## Your assignment
The copy should hold exactly the lines below from the one that contains "Once I've got" through the one that contains "Now I'm going" and nothing else, so no pictures.

## Dataset extract

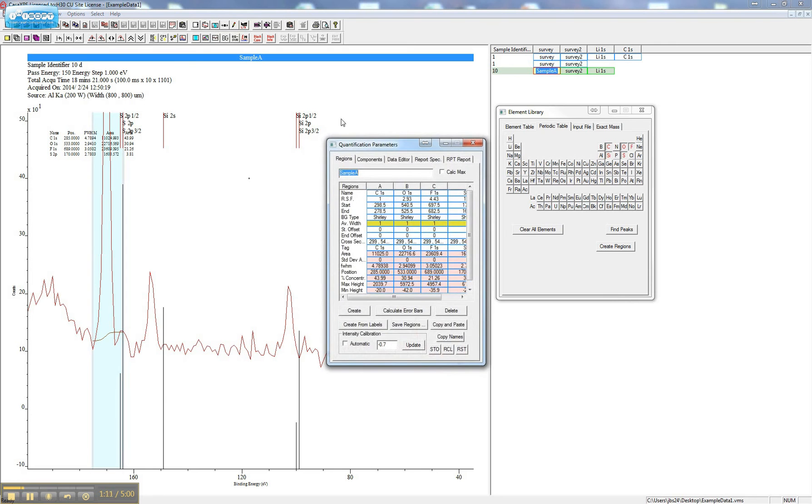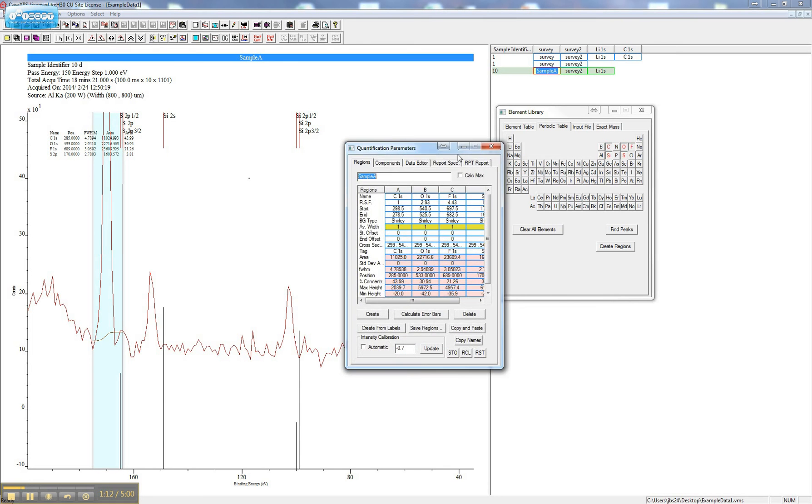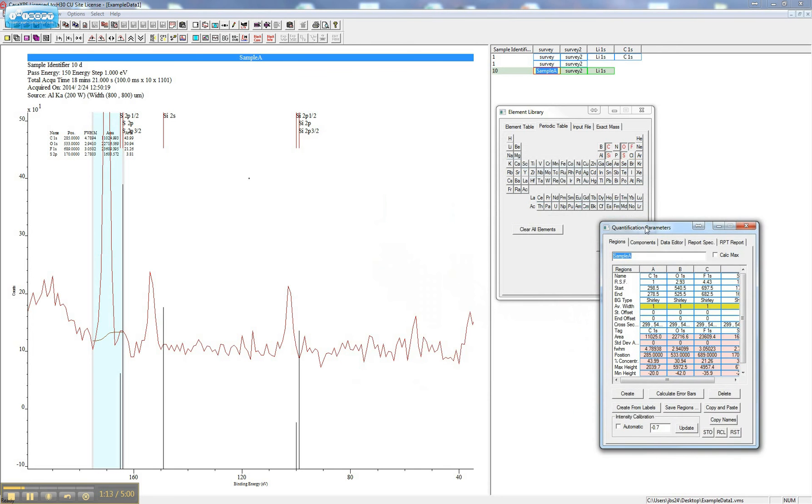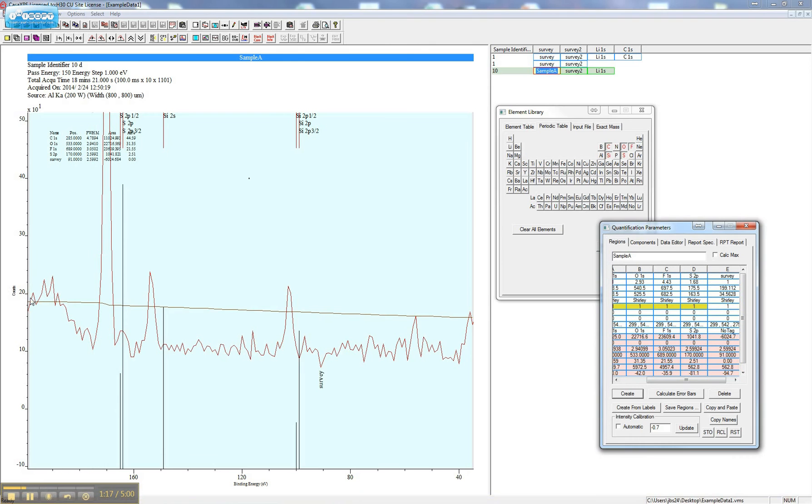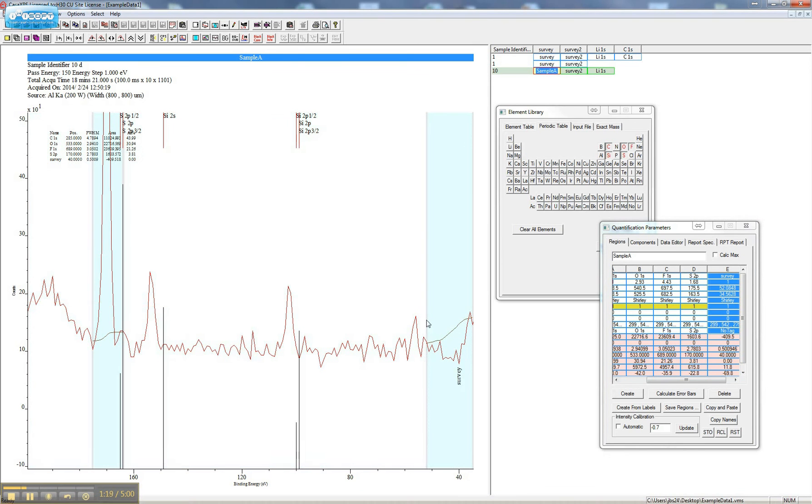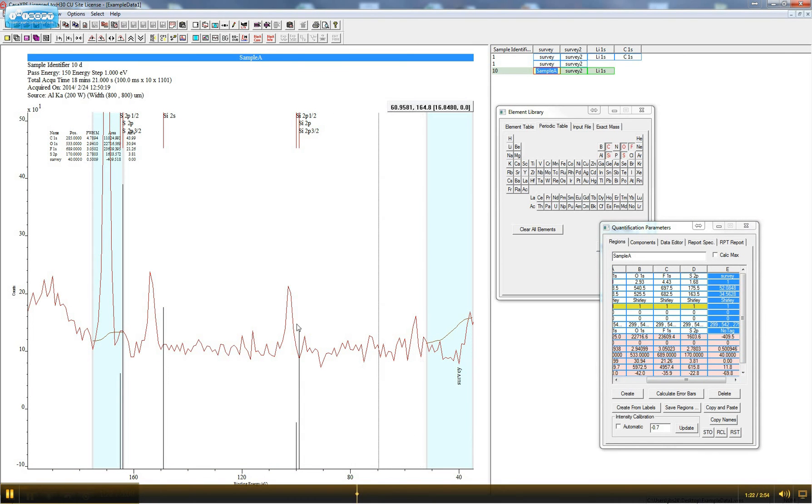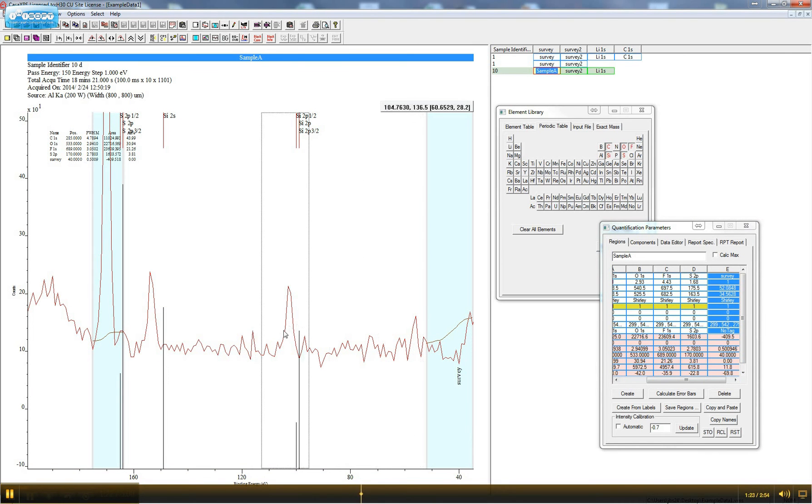Click the Quantify button. You're going to create a region, adjust the borders, so the background looks reasonable.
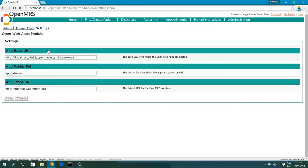The last setting is the App Store URL, which isn't working yet, but in the future it will be the URL of the store where all the apps for OpenMRS are listed. For more information you can hit the link in the description.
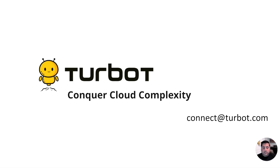If you feel your organization would benefit from Turbot Guardrails, we would love to talk. Please reach out to us at turbot.com/guardrails, and more information is in the video description below.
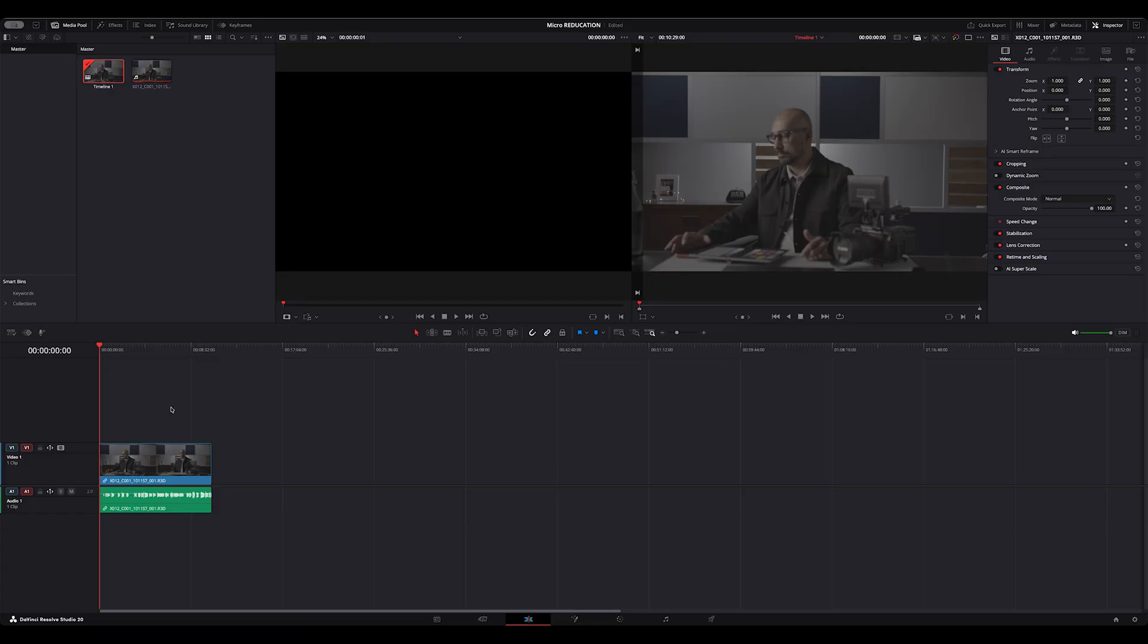In the previous videos in this series we talked about setting up a Resolve project to be able to work with R3D. Then in the second video we talked about how to import R3D into your editor without leaving any information behind. If you missed that video you should go back and watch it.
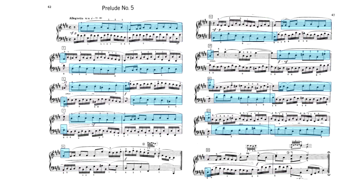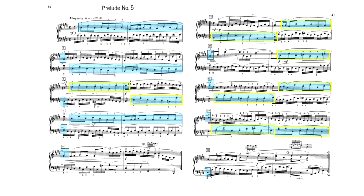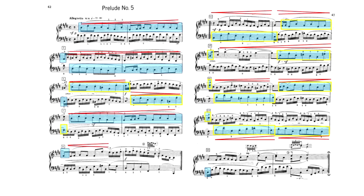Let's start by examining the eighth note subject. As you can see, the subject is two measures long in the beginning and appears like that two more times throughout the piece. However, the rest of the appearances are truncated — they are only one measure long. This happens many times throughout the first half and every time during the second half. I think this is a very meaningful clue. I choose to interpret the dynamics quite differently depending on the length of the subject, making the long subject have a longer dynamic shape than the short one.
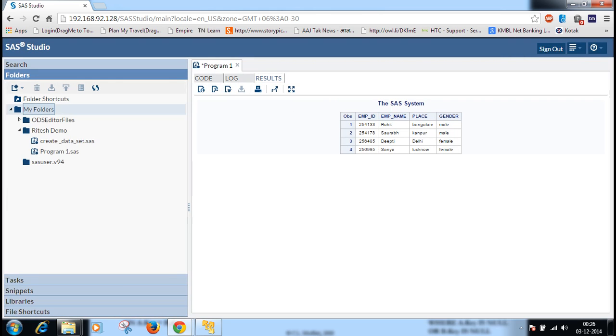This is the data set we have created. Employee ID is numeric, employee name, these are the places. The data is coming as per the length we have given. This is the video to create data sets in SAS program. Thank you for watching.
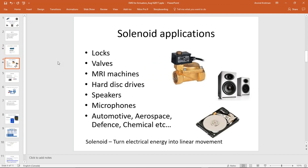This technology has quite a lot of applications — actuating locks, valves, MRIs, hard drives, speakers, microphones, voice coils — and they find use in industries ranging from automotive, aerospace, defense, and chemicals. In a nutshell, a solenoid converts electrical energy — input as current through the coil — into movement, or kinetic energy of the armature or plunger.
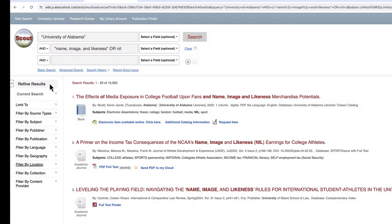Hi, my name is Connor Mulhern, and I'm a librarian at the University of Alabama. I'll be addressing limiters and what effects they have on our search results in Scout.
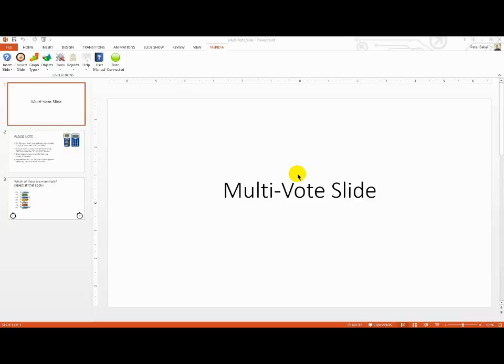Let me show you how our multi-vote slide works. You would want to use the multi-vote slide if you need your audience to pick more than one answer from the available list.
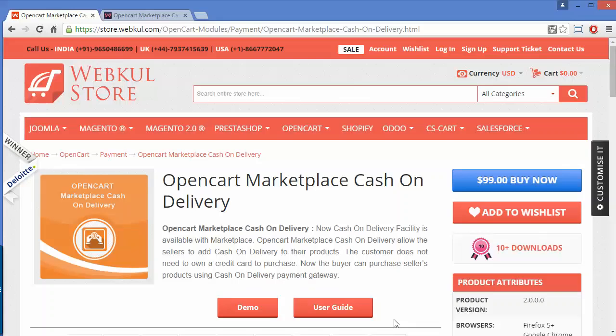Hello everyone, let's start with a new video of OpenGuard Marketplace Cash on Delivery. This module is highly beneficial for OpenGuard Marketplace users. By installing this module, admin and seller can easily provide an extra payment option for the customers of the marketplace.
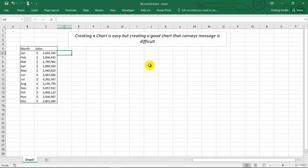In this lecture, we will learn how to create charts with just one click. You see, creating charts is very easy, but creating a chart that will convey the message is difficult.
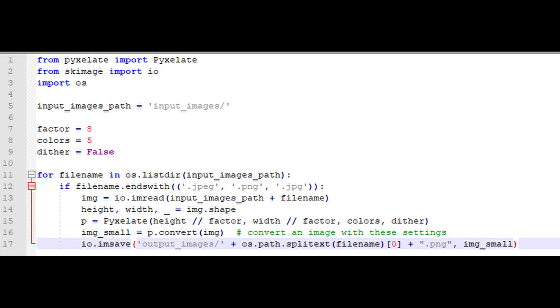Once I've got a collection of images, I can run them through Pixel 8. I have it set to use 5 colors and a factor of 8 — the higher the factor, the lower resolution the final image will be. I'm also disabling Dither, which I found gives a much nicer looking final portrait.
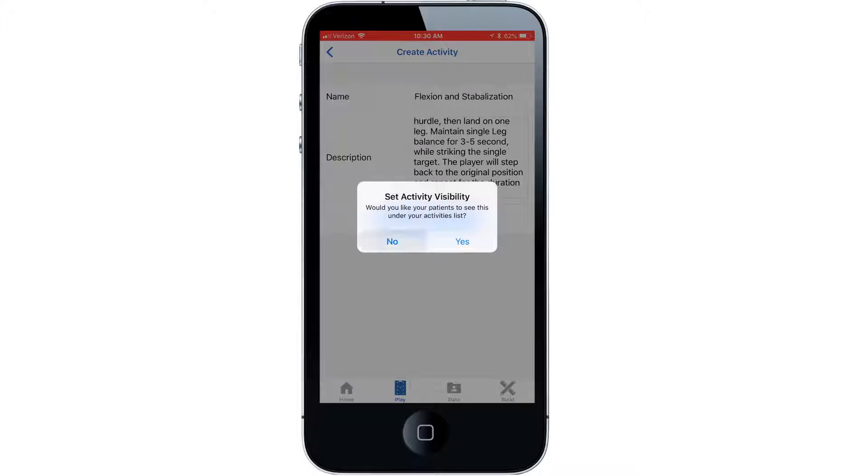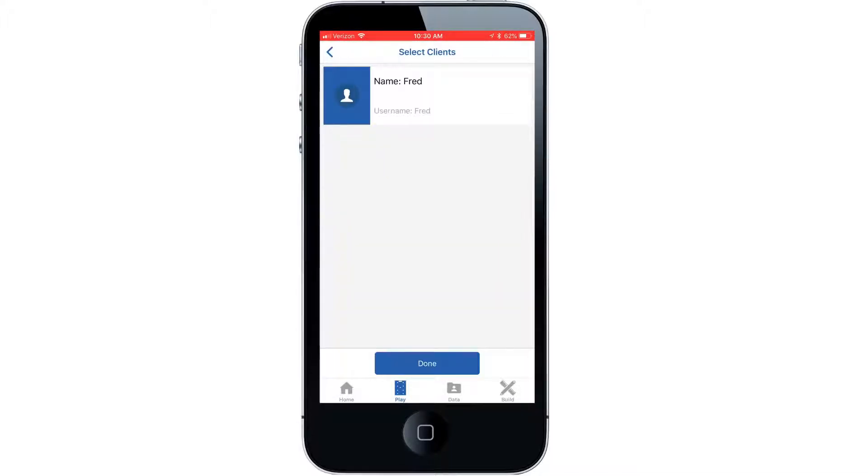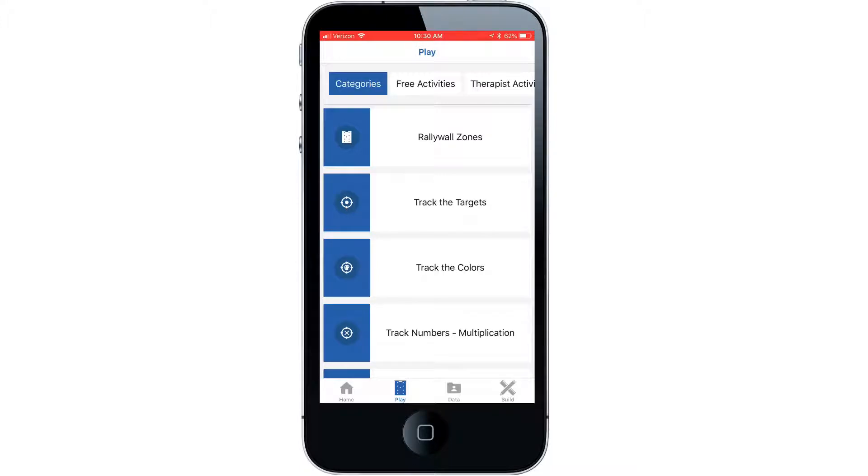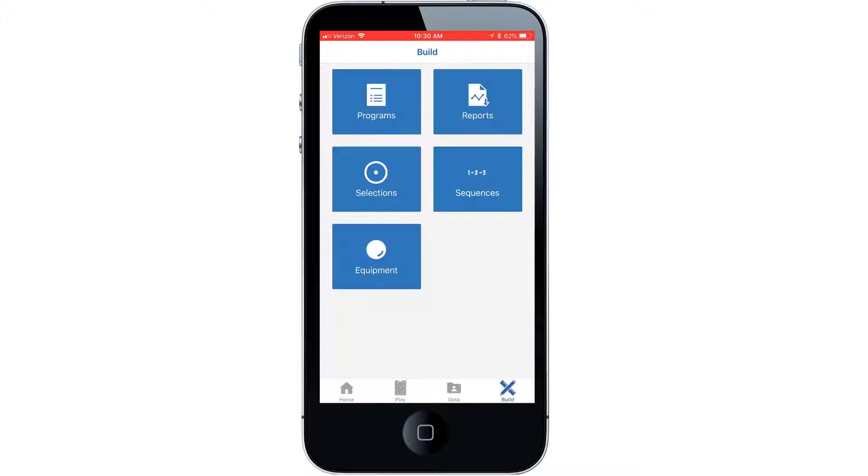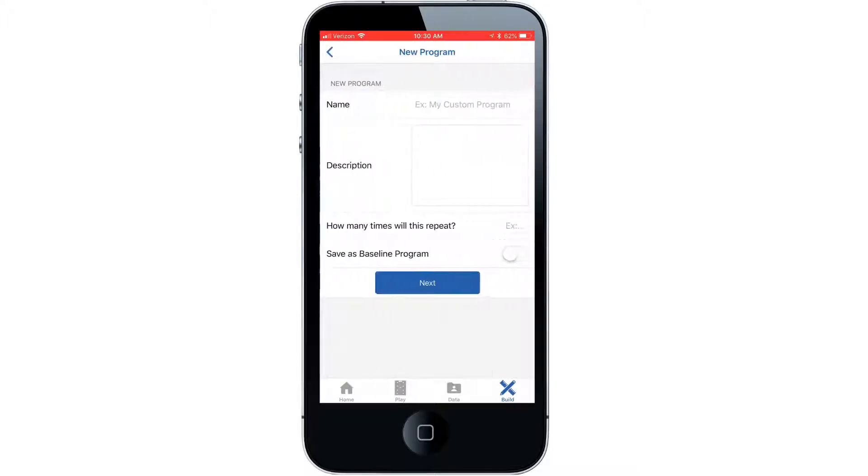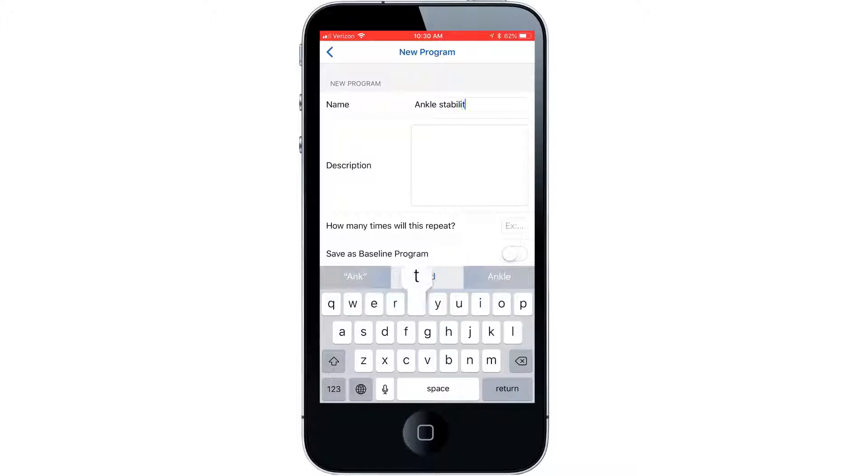Now I'm going to show you how to pull these activities into the patient's program which will be run when he or she comes in for treatment. The benefit here is that when this is set up in advance you can focus on the patient while SmartFit executes the program for you. Select the build tab and select the program option. Name this program and select the amount of repetitions.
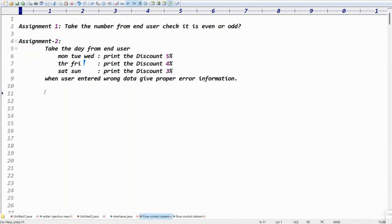Guys, can you please pause the video and try to write the assignment. After that, you can start the video and check whether your answer is correct or wrong. My students, they follow the videos and write notes, but I'm reminding others — please try to pause and write the assignment first.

## Response
Once I've got a collection of images, I can run them through Pixel 8. I have it set to use 5 colors and a factor of 8 — the higher the factor, the lower resolution the final image will be. I'm also disabling Dither, which I found gives a much nicer looking final portrait.
Now I'm going to show you how to pull these activities into the patient's program which will be run when he or she comes in for treatment. The benefit here is that when this is set up in advance you can focus on the patient while SmartFit executes the program for you. Select the build tab and select the program option. Name this program and select the amount of repetitions.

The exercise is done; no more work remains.